School vouchers: a Democratic perspective - private school voucher initiative - Analysis
Frederick S. YangOn November 3rd, Californians will decide the fate of a private school voucher initiative that could spark a heated debate about the status of public education throughout the country. In the same manner that 1978's Proposition 13 heralded the emergence of the anti-tax movement, Proposition 174 could have a similarly profound effect on the political agenda for the 1990s.
It is important to realize that the school choice debate springs from the public's unhappiness with the educational system.

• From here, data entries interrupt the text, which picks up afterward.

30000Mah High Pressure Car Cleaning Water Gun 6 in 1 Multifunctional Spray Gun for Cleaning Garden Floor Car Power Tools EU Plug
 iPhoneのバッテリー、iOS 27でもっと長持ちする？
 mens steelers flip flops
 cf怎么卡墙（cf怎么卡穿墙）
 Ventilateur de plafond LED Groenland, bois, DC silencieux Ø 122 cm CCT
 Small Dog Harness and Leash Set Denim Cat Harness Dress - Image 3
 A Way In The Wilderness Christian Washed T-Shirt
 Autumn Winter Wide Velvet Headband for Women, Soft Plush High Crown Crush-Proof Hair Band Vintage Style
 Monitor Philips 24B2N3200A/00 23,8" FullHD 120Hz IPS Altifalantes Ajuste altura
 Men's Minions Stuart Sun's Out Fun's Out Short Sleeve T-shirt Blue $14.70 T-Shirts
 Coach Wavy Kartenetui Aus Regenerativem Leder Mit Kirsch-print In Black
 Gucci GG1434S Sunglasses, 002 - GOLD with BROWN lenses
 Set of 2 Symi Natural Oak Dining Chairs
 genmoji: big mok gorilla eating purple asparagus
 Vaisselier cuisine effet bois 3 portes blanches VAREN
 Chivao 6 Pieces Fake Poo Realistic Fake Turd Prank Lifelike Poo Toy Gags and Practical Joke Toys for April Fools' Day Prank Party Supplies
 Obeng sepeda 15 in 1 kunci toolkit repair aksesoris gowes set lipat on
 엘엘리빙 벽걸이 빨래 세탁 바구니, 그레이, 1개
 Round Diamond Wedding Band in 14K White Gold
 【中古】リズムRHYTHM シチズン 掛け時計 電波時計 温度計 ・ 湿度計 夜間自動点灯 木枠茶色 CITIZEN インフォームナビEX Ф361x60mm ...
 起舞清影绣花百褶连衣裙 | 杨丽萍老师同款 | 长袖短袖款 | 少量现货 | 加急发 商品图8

The heart of the matter is that Americans are dissatisfied with the quality of their children's education, and vouchers are a quick and easy fix for a system that many find lacking.
Thus, when this issue is presented as a simple matter of parental choice in the schools their children attend, public opinion comes down very heavily on the side of parents. A USA Today survey showed that upwards of 70 percent of Americans favor a proposal to allow parents to choose to send their children to any public school.
In focus groups we have conducted, participants view school choice as a common sense approach to help parents deal with a public education system that may deem to be inadequate.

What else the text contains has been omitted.